** Opening Task input block **
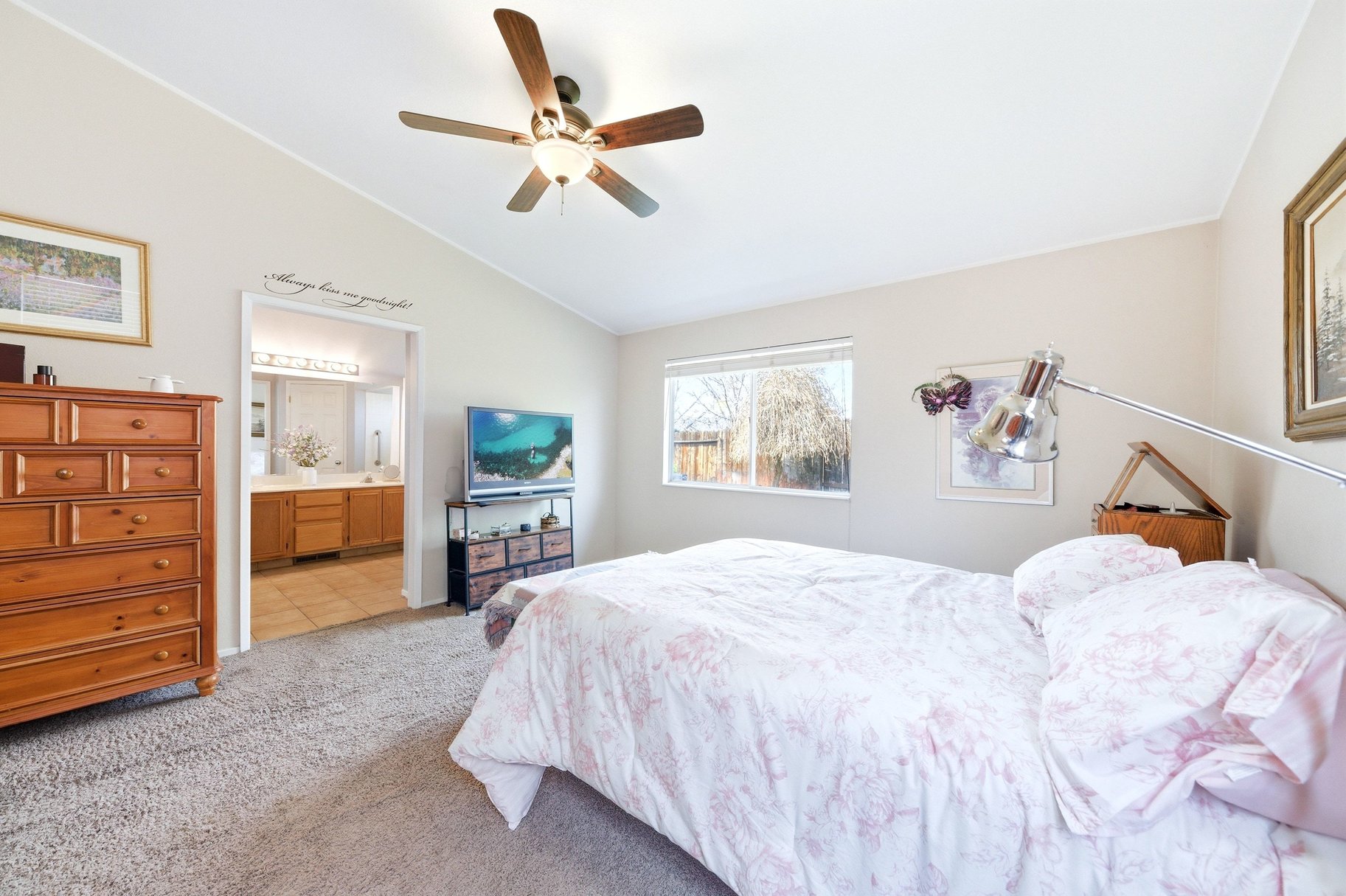  Turnkey Living with High Ceilings & Upgrades Throughout - 物件實景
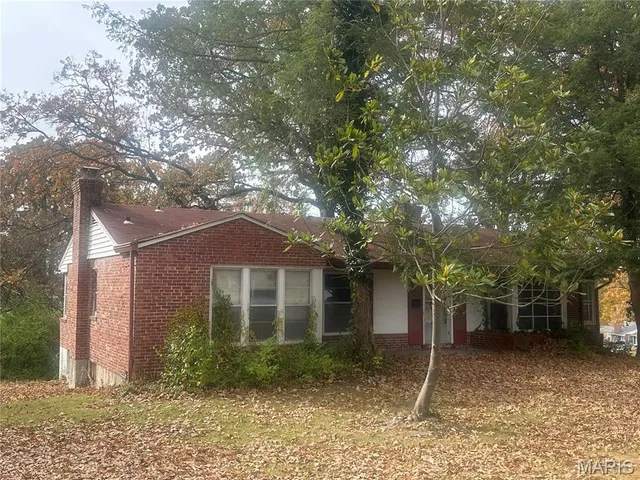 $200,000 | 10080 Lakeside Drive, St. Louis, MO 63123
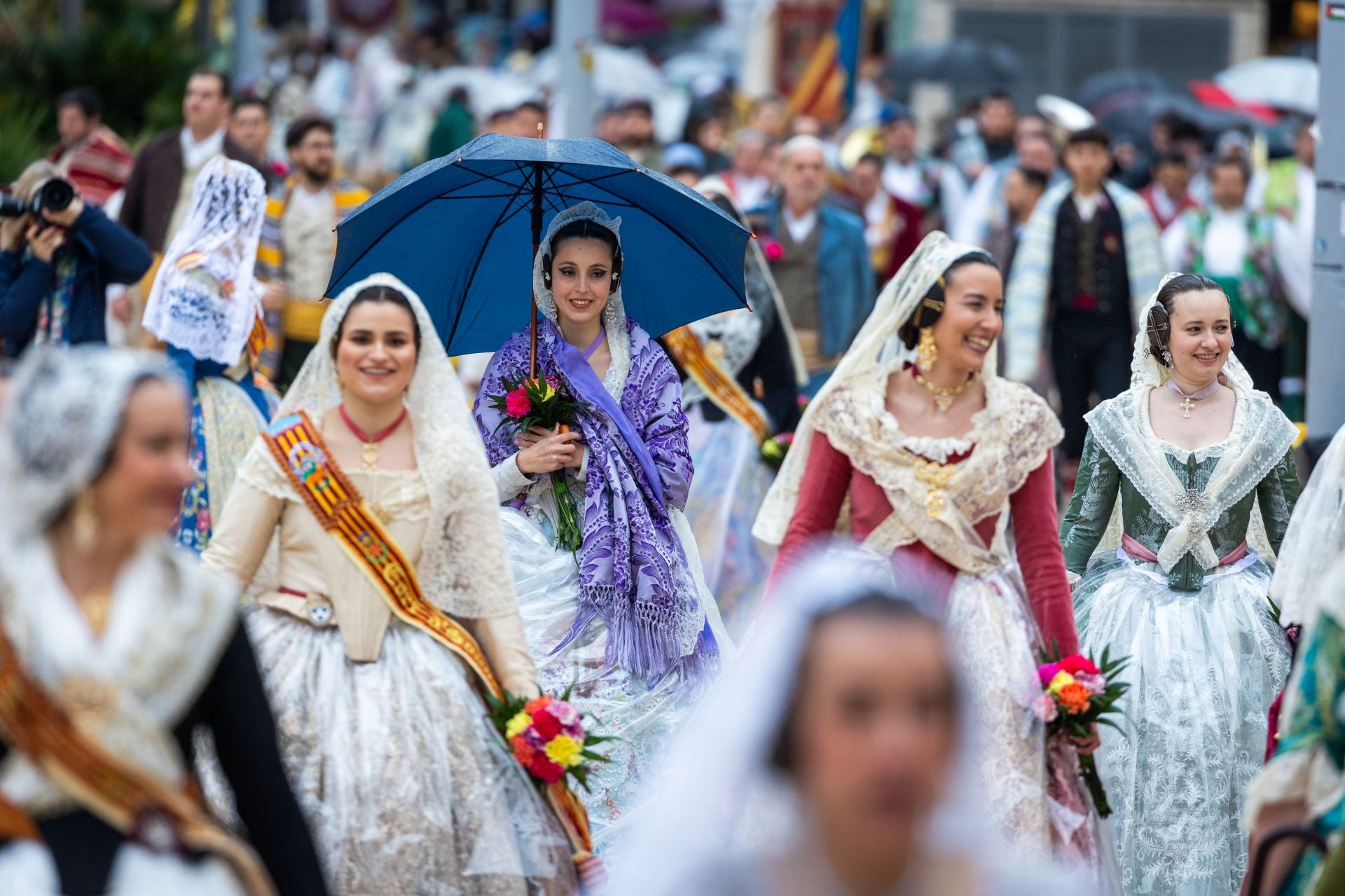 FOTOS | Segundo día de Ofrenda de las Fallas 2025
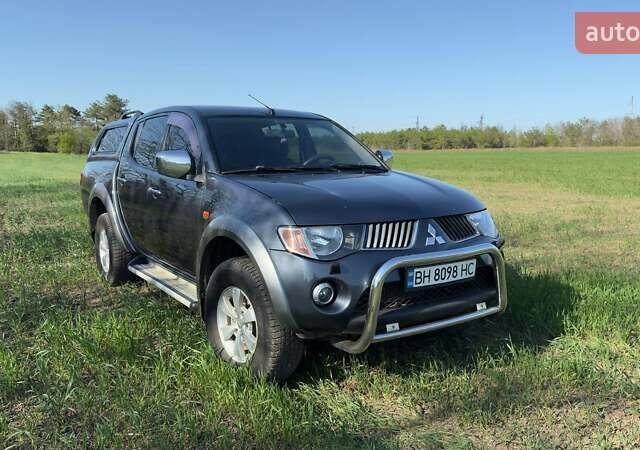 Серый Мицубиси Л 200, объемом двигателя 2.48 л и пробегом 234 тыс. км за 13000 $, фото 6 на Automoto.ua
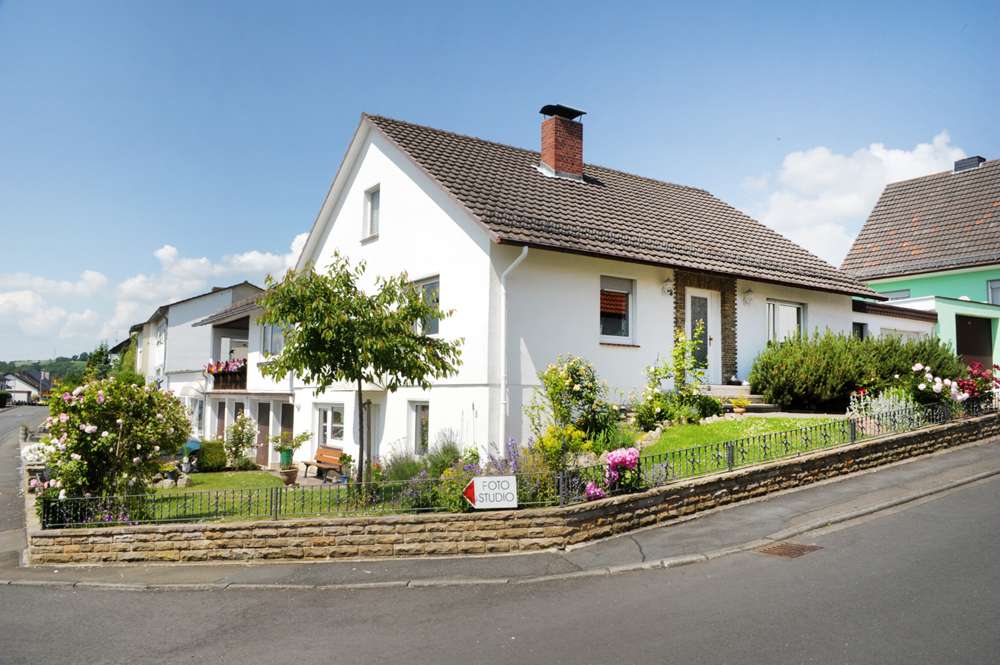 Thumbnail-Wohnung zum Mieten in Bad Hersfeld Kathus 1.250,00 € 150 m²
** Closing Task input block **
Your objective:
Restate the data above word for word. Skip every picture.

Result:
  Turnkey Living with High Ceilings & Upgrades Throughout - 物件實景
 $200,000 | 10080 Lakeside Drive, St. Louis, MO 63123
 FOTOS | Segundo día de Ofrenda de las Fallas 2025
 Серый Мицубиси Л 200, объемом двигателя 2.48 л и пробегом 234 тыс. км за 13000 $, фото 6 на Automoto.ua
 Thumbnail-Wohnung zum Mieten in Bad Hersfeld Kathus 1.250,00 € 150 m²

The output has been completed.